(Materials provided)
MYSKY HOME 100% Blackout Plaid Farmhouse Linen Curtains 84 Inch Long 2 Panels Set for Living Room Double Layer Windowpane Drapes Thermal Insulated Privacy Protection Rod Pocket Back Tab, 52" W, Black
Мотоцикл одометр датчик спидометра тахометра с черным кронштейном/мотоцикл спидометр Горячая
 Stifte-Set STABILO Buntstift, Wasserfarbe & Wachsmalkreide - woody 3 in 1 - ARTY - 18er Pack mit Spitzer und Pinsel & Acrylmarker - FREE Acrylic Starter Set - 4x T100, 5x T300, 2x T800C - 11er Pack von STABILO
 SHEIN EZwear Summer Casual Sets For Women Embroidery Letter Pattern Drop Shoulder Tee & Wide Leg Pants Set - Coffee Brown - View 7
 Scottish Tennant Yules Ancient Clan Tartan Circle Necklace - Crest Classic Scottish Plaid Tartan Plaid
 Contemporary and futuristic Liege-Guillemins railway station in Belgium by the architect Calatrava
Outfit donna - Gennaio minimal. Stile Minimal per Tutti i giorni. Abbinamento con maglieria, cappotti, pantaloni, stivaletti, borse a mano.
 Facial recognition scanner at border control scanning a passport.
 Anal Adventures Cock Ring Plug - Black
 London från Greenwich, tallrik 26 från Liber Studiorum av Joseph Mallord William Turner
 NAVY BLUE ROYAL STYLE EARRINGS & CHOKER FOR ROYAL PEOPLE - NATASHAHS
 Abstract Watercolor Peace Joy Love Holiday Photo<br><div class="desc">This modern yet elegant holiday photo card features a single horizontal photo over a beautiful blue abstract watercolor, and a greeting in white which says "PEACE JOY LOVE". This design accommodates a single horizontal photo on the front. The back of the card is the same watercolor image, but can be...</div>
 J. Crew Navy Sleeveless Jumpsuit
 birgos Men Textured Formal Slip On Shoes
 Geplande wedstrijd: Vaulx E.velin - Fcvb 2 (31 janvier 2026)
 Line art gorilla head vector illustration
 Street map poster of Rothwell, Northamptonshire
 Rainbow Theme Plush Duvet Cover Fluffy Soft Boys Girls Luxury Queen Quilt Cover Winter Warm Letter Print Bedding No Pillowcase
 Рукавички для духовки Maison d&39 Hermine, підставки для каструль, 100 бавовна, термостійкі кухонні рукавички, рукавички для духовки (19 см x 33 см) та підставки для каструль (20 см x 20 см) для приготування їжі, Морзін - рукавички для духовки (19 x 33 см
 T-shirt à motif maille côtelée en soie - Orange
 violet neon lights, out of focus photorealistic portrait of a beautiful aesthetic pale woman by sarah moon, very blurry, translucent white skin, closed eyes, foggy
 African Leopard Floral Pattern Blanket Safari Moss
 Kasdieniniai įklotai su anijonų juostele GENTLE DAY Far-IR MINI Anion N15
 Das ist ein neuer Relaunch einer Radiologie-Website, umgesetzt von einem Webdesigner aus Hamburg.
(End Materials provided)
▶ [Task requirements]:
State the number of lines in the data above containing the string "Plaid" and nothing more.

▶ [Written response]:
2